Someone here said the The 727 wasn't really very suitable for European operations - whereas the 737 was perfect.

Well the 727 came first in the mid 1960's and both the Germans (Condor) and the Swedes (Transair Sweden) loved them for their comfort 131 pax, and the long legs to have the range to fly to the Canary Islands non-stop, also Icelandic used their 727's too.

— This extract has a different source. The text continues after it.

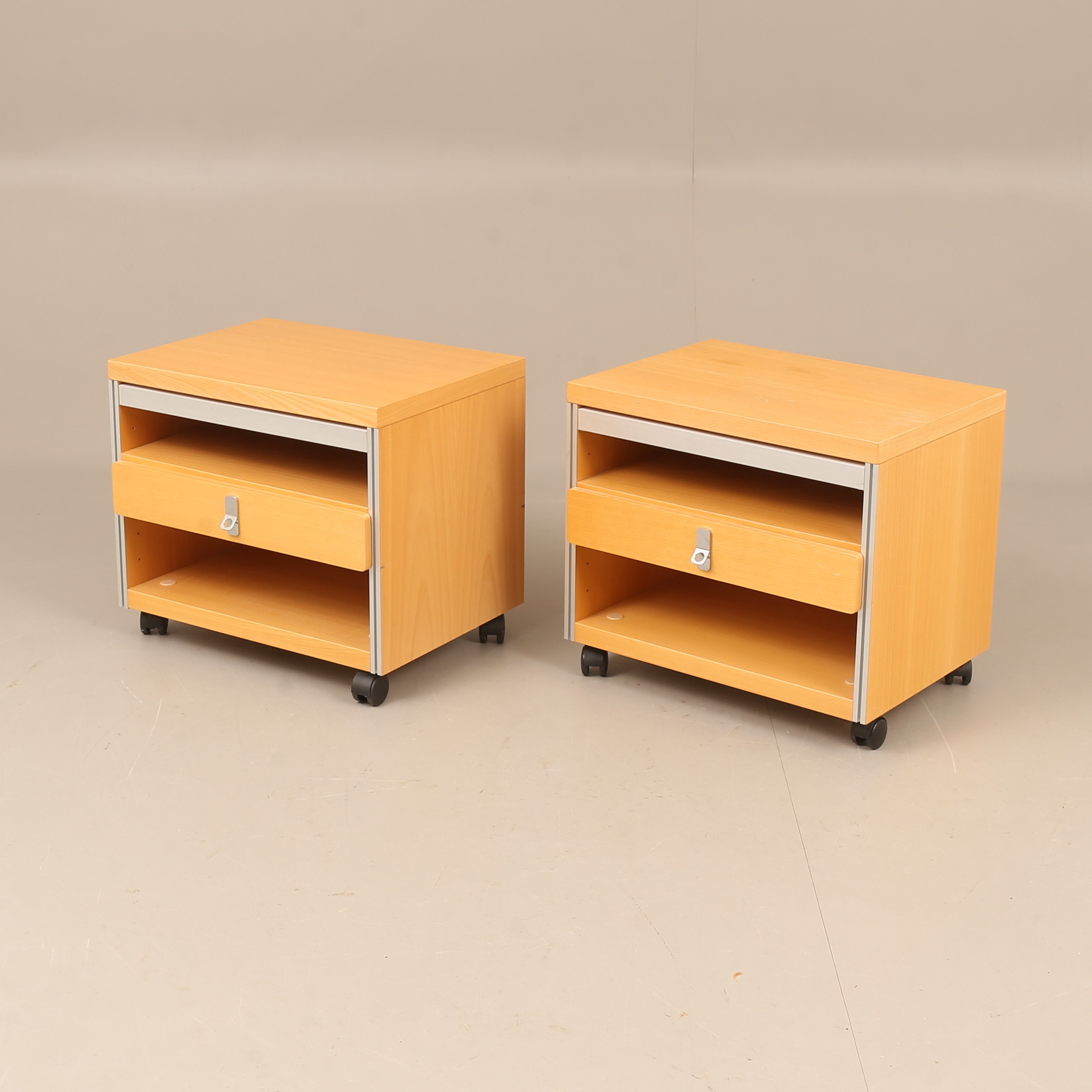 ANTOTONIO GIOIA AVANTI. Sängbord ett par, Dux, 1900-talets andra hälft.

Dan Air in 1973 got some 727-100's (3 at first, then soon 5 then 8) and added some extra aft doors and put in 146 pax (5 of the 727 had this mod)
This was the start of their Comet replacement on Dan's longer routes, basing the 727 at LGW, MAN, and also at Berlin TXL for the German IT market.

Re long legs - Into LGW from 1966 onwards saw the new 727 of Wardair crossing the pond followed by World AW, AFA and TIA all on Affinity Group charters.
Wardair fuelled up in Greenland or Iceland, sometimes SNN and I gather the odd non-stop made it to PIK>?
Wardair's 727 had 117 seats. I flew on it Summer 1972 from Dubrovnik to LGW operating a Sub charter for a BCAL 1-11 500.

Sterling AW in the late 1970's ordered the latest 189 seat 727-200ADV HGW with -17 engines (The heaviest 727's ever built) and added extra fuel tanks aft where Boeing then added an extra (3rd) hold door for the rear bags to go in.
Sterling used them non-stop to the Canary Islands of course, and to the USA and Canada, plus down to Mombasa, the Maldives, Ceylon and Thailand.
Sterling were also the first 727 airline to opt for the Valsan Super Silent 727 RE package and had 2 aircraft modified.

Dan Air standardised their charter fleet with the 727-200, their 189 seat aircraft used as far as TLV and Eilat/Ovda.
Dan Air never normally used the 727 for their scheduled routes.

Of course in the 1970's many UK and German airlines were flying the BAC 1-11 300/400 and 500, but were not finding it suitable for longer holiday routes like Greece and the Canary Islands, and this is where the 737-200, especially when the ADV versions came along and the 737 won hands down, leading to new start up airlines like Air Europe and Orion buying brand new fleets.
Although even back then Paninternational of Germany flew their 1-11 500's to Mombasa.
Other airlines were flying a bunch of older jets like the 707/720 DC-8 and CV990, cheap to buy, plenty of seats, but soon to their cost found them too expensive to run causing many Charter airlines to fold.








Last edited by rog747; 27th May 2021 at 13:37.